Генрик Сенкевич. «Огнем и мечом»Поскольку так называемым «свободным творчеством», то бишь так называемым «щебетом птички на ветке», я не смог ничего сделать для общества и народа, я решил после ряда экспериментов публично исповедаться в своих взглядах на наркотики, начиная с самого банального — табака и кончая самым, пожалуй, удивительным — пейотлем (для которого резервирую особое место), — исповедаться, дабы хоть немного помочь силам добра в борьбе с этими ужаснейшими — после нищеты, войны и болезней — врагами человечества. Быть может, и к этой моей работе (из-за специфики тона при произнесении горьких истин) отнесутся юмористически или отрицательно, как и к моей эстетике, философии, сценическим пьесам, с у щ е с т в е н н ы м портретам, прежним композициям и т. п. «свободным творениям». Официально заявляю, что я пишу всерьез, желая сделать наконец нечто непосредственно полезное, а на идиотов и людей бесчестных управы нет, как я имел возможность убедиться в ходе своей достаточно печальной деятельности. Кому-нибудь говорят: «Ты глуп, учись — авось поумнеешь», — ничто не поможет, ибо глупец, как правило, самонадеян, и это, даже если бы он мог поумнеть при усиленной работе, делает для него невозможным выход из замкнутого круга. Скажут мерзавцу: «Нехорошо быть такой сволочью, подумай, исправься», — напрасные речи: мы не понимаем, что большинство подлецов именно сознательно подличают — они знают это за собой и не хотят быть иными, если только в силах эту подловатость пристойно замаскировать. «Можно ли палке п р о с т и т ь, что она — палка?» — говаривал Тадеуш Шимберский, и он был прав.

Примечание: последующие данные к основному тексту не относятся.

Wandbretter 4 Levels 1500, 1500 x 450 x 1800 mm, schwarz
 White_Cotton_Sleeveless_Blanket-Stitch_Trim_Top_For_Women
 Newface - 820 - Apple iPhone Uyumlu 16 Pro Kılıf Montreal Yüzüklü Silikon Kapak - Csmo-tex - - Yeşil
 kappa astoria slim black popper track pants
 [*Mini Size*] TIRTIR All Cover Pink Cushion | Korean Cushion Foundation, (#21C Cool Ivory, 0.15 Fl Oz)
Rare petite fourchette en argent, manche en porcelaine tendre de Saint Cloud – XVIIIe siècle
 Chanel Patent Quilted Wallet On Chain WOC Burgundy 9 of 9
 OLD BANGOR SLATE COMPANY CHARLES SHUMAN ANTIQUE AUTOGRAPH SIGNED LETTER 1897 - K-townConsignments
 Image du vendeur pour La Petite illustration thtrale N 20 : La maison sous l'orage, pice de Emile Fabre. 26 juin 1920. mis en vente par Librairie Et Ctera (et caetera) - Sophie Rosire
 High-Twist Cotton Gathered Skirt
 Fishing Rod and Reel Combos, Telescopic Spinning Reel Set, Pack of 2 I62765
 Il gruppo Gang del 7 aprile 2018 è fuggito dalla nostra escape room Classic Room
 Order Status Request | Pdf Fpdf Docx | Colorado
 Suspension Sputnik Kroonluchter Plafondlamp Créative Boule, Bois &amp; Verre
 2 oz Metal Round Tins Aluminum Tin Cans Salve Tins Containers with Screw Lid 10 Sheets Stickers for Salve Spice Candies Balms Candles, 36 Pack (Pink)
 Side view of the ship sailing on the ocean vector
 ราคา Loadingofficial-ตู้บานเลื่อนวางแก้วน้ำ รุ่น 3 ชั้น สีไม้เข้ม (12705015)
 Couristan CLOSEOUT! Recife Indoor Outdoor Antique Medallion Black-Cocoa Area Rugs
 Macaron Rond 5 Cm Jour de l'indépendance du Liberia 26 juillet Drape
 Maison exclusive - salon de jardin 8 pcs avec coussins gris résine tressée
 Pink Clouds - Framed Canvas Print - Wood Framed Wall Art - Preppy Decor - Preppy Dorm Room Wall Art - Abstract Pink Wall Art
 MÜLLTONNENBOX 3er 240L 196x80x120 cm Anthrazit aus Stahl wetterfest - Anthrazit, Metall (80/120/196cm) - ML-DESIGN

Когда-то я был fighting man’ом — человеком воинственным par excellence[1]: у меня были идеи, и я хотел за них бороться — но было негде и не с кем. Я отнюдь не изменил своим идеям (Чистая Форма в живописи и в театре, реформа художественной критики), но пришел к убеждению, что они, во всяком случае сегодня, несвоевременны, и может быть, их время вообще уже прошло. Я утверждал еще до войны и выразил это в четвертой части книги «Новые формы в живописи...»: искусство гибнет — это происходит на наших глазах, а потому не имеет значения, будет ли существовать и какова будет художественная критика в моем смысле, то есть формальная. Другое дело если речь идет о литературе не как об искусстве — тут еще есть что сказать, и, возможно, я на эту тему еще выскажусь. В настоящее время я — относительно умиротворенный индивид средних лет, который ни о каких великих подвигах уже не мечтает и хочет лишь как-нибудь дотянуть до конца этой жизни, о которой — по крайней мере до сих пор — я не жалею, несмотря на все поражения и неудачи. Будь что будет. Я только должен подчеркнуть, что данное «сочиненьице» имеет характер в высшей степени личный, а стало быть, в некотором роде посмертный. Это не мания величия и не стремление привлечь к своей персоне (до сих пор никому не нужной) внимание людей, занятых чем-то другим, гораздо более приятным. Но когда пишешь о том, что сам лично пережил, обойти самого себя невозможно. Во всяком случае, здесь будет доступно изложена часть правды обо мне, причем правды, непосредственно полезной для самых широких слоев.